D'autres encore gisent sur le sable : Laventure, Lahouze, Léostic, Cabellan, Beux et Bucher. Les infirmiers et le “Toubib” auront du boulot.
Ayant eu plus de chance, la Troop 8 se présente la première devant les rouleaux de barbelés. Derrière, il y a un champ de mines. L'officier des équipages “Alex” Lofi, d'un geste rapide ordonne à Thubé d'ouvrir le passage dans le réseau. Pour les mines ?… on verra bien. De toutes façons, s'ils ne franchissent pas rapidement le champ de mines parce qu'ils hésitent, c'est un obus qui va leur tomber dessus.
Le “Pacha” est là aussi, allongé et blessé, observant la progression de Thubé. Gwenn-Aël Bolloré, l'infirmier, découpe la jambe du pantalon ; c'est un éclat à la cuisse. Soins rapides, pansement et morphine. Il pourra continuer.
Le passage ouvert, les gars foncent dans les dunes et parviennent jusqu'aux murs de la colonie de vacances, sans que personne n’ait sauté. Maintenant ils sont hors d'atteinte des pièces de la plage. Les hommes valides ou légèrement blessés sont presque tous arrivés et chacun pose son sac le long des baraques. Un détail attire leur attention ; celles-ci n'ont plus de toit. Cela doit dater de peu, car sur les plus récentes photos aériennes examinées lors des briefings à Fareham, les baraques les avaient encore.
Sur la plage, malgré les salves qui pleuvent, le mouvement de débarquement est continu. Les barges vomissent les hommes, puis reprennent aussitôt la mer pour aller en chercher d'autres.
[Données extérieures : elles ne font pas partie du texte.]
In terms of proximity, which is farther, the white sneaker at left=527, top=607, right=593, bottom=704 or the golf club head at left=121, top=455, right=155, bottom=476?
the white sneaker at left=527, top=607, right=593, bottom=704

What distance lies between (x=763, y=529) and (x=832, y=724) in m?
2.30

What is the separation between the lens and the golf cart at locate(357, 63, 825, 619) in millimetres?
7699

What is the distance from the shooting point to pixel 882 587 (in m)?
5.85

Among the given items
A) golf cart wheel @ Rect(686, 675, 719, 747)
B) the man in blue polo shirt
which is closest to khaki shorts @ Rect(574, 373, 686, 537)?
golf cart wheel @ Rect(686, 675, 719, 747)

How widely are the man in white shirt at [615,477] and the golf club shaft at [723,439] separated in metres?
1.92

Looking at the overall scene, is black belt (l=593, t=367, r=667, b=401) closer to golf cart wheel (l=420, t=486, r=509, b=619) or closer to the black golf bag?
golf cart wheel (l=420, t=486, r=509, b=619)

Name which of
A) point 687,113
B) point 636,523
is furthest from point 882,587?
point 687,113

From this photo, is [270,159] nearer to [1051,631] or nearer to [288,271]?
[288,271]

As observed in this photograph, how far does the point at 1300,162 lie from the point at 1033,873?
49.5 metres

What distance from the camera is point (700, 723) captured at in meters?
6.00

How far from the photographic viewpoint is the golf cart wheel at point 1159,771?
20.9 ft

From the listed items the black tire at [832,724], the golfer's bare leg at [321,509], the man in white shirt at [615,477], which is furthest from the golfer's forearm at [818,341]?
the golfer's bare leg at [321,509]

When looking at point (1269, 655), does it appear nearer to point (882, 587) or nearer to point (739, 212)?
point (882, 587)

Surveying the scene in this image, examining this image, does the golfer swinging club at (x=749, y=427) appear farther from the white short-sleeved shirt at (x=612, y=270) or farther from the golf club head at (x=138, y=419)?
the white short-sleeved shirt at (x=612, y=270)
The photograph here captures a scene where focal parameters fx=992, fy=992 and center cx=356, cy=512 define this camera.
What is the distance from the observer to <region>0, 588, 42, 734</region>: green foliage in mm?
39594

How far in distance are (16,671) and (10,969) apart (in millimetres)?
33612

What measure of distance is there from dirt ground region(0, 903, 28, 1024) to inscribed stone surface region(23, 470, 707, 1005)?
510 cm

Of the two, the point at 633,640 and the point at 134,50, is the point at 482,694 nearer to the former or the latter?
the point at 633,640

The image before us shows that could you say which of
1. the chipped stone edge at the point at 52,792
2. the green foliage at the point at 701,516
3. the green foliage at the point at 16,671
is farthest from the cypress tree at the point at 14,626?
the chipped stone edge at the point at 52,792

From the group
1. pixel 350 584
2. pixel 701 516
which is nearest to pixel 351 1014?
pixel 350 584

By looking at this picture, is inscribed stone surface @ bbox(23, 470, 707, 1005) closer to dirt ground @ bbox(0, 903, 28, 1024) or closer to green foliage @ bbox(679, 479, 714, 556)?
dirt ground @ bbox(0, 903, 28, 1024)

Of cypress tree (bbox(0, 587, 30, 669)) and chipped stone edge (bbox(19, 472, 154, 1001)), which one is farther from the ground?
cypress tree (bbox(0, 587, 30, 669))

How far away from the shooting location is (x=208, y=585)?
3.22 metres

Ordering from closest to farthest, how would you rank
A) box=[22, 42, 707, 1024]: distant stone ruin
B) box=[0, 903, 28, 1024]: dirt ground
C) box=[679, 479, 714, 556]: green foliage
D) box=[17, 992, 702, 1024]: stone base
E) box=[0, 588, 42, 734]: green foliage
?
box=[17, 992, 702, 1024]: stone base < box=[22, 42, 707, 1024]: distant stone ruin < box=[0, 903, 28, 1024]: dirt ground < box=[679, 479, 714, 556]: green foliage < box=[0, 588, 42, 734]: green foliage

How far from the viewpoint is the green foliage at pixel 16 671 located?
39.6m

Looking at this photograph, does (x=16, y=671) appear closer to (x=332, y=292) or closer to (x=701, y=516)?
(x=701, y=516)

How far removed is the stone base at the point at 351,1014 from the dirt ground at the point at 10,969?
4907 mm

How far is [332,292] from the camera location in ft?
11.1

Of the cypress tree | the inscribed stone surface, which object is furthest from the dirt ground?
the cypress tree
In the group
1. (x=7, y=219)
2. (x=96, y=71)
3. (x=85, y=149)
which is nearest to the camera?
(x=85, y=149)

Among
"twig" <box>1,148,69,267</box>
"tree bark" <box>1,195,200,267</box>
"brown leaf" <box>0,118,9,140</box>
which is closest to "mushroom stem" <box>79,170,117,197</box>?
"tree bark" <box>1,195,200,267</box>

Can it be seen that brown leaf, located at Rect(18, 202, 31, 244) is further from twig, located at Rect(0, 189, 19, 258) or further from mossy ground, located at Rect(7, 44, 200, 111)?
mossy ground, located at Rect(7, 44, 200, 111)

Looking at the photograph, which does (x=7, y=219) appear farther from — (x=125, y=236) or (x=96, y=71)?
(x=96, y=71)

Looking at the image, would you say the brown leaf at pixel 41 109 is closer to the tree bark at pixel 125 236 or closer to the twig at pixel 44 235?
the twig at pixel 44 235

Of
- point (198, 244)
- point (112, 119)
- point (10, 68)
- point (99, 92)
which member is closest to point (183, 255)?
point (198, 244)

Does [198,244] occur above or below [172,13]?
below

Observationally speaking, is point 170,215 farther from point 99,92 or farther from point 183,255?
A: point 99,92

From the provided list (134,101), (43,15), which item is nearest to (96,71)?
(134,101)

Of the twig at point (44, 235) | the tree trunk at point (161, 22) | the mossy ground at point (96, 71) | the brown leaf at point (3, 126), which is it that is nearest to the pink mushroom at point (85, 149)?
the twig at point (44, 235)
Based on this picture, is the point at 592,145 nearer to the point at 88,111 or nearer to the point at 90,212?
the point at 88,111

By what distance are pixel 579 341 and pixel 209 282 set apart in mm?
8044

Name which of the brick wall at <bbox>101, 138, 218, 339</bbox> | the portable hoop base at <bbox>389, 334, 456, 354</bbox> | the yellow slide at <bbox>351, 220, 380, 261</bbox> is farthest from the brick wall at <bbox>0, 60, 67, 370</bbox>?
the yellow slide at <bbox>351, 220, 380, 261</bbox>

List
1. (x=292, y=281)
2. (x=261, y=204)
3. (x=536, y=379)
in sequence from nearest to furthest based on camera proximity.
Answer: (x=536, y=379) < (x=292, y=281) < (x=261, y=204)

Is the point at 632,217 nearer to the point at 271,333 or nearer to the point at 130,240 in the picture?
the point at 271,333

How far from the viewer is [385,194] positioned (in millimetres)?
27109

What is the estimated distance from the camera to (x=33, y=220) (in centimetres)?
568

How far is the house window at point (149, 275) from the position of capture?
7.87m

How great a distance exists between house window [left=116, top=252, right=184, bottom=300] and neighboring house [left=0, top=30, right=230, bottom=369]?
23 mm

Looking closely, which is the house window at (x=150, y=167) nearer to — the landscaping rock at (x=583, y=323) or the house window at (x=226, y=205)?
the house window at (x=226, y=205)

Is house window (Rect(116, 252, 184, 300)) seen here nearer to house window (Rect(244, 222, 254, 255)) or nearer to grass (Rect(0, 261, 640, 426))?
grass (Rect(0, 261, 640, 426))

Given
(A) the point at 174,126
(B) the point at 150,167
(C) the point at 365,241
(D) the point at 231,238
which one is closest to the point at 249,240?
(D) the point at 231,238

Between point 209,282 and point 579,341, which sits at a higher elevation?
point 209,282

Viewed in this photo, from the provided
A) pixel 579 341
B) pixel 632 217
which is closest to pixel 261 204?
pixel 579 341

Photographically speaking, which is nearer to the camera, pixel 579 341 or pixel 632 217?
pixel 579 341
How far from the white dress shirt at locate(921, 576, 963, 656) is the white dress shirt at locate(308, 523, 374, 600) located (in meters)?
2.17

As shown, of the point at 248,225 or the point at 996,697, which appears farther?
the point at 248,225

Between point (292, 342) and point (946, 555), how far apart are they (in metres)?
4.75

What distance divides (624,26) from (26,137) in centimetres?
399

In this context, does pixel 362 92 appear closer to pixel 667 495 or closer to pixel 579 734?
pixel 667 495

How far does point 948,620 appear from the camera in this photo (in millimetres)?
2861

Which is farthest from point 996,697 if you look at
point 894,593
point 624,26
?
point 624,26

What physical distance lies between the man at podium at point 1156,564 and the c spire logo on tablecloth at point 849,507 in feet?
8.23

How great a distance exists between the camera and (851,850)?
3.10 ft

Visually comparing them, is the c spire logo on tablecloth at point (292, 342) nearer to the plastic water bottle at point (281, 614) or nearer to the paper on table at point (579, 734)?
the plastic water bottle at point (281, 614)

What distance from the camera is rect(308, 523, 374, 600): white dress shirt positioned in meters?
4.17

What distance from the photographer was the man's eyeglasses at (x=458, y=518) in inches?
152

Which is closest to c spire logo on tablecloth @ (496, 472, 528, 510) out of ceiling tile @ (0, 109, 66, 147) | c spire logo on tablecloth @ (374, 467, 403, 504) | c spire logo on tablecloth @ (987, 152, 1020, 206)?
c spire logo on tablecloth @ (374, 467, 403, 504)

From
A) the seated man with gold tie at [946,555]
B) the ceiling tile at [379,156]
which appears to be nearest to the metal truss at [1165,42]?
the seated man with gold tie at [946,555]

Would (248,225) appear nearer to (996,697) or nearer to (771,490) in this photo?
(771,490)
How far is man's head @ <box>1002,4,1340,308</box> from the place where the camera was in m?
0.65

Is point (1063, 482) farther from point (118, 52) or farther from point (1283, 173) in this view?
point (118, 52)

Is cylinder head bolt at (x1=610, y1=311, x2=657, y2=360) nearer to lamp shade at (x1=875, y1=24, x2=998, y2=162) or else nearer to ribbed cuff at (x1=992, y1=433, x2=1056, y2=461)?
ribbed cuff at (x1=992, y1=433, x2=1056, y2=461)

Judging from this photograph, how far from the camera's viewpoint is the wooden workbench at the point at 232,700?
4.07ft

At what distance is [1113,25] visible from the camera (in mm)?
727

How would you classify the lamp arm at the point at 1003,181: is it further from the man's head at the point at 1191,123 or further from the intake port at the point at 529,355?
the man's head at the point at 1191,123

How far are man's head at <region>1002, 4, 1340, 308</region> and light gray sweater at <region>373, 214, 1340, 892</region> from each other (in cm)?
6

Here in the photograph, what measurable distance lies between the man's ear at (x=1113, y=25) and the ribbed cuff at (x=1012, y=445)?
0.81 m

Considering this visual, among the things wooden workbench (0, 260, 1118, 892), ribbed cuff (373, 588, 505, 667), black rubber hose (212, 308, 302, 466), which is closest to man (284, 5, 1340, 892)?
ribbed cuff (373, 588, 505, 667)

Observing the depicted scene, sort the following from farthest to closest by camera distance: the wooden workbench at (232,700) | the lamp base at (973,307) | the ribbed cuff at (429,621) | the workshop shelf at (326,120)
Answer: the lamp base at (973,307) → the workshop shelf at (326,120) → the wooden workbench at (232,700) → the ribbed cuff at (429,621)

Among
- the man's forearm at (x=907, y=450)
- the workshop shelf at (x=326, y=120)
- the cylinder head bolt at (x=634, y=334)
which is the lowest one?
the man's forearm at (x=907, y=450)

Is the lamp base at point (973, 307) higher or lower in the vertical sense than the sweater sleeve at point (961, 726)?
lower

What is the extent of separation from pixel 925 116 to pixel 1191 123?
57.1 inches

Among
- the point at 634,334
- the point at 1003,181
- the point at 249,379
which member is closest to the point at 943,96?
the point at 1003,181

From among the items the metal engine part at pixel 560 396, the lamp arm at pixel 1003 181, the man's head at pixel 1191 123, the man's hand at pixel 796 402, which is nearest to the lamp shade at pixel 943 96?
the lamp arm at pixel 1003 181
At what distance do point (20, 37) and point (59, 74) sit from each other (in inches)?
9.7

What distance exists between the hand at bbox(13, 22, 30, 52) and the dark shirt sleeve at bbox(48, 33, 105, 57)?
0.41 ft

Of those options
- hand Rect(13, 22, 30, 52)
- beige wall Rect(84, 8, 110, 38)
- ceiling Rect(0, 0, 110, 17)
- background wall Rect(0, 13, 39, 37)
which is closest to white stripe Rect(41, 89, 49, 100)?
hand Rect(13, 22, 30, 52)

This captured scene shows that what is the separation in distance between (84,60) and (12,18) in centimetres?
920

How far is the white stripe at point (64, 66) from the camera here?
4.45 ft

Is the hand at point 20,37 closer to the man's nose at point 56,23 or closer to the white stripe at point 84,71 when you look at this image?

Un char D.D.(14) du 2ème bataillon du East Yorkshire Pionneer est en train de flamber, des hommes, transformés en torches humaines, ont essayé de “gicler”, mais en vain…
Le “Pacha” demande à ses gradés de lui rendre compte de la situation et de l'état des effectifs encore valides. La deuxième phase de l'assaut va commencer.
Du côté des commandos anglais, on déplore également de la casse. Le colonel Dawson, grièvement blessé, n'en dirige pas moins ses hommes.
Chez les Français, le bilan est sévère ; à la Troop 7 particulièrement, on compte 5 tués et 23 blessés dont plusieurs graves. En ce qui concerne la Troop 8 et la section K-Guns, rien de bien sérieux pour le moment. Comme le dernier officier de la Troop 7, le lieutenant Mazéas, vient de se faire blesser au bras, Kieffer décide de partir à l'assaut avec cette unité. Le maître-principal Faure ayant comme une sorte de dépression, le commandement échoit au second-maître Lanternier.